Attorney General Gonzales testified that the purpose of the March 10, 2004, meeting “was for the White House to advise the Congress that Mr. Comey had advised us that he could not approve the continuation of vitally important intelligence activities,” which the Attorney General later testified was “not” the NSA wiretapping program. This is contradicted by an unclassified letter from John Negroponte, then Director of National Intelligence, to then-Speaker of the House Dennis Hastert on May 17, 2006, describing the same “Gang of Eight” briefing as being “on the Terrorist Surveillance Program.”

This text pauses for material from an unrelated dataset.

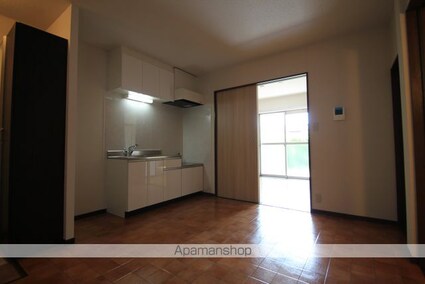 メゾンベル[2DK/43.53m2]の内装1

This is not merely a technicality. If the program up for question that was discussed that day was the TSP, it shows that Gonzales was lying when he said in earlier testimony that there was no dissent within the administration about the TSP. In fact, we now know from James Comey that not only was there enormous dissent within the administration over the legality of the program, but that virtually the entire senior staff of the DOJ was prepared to resign over it, including John Ashcroft. The lies just keep piling up.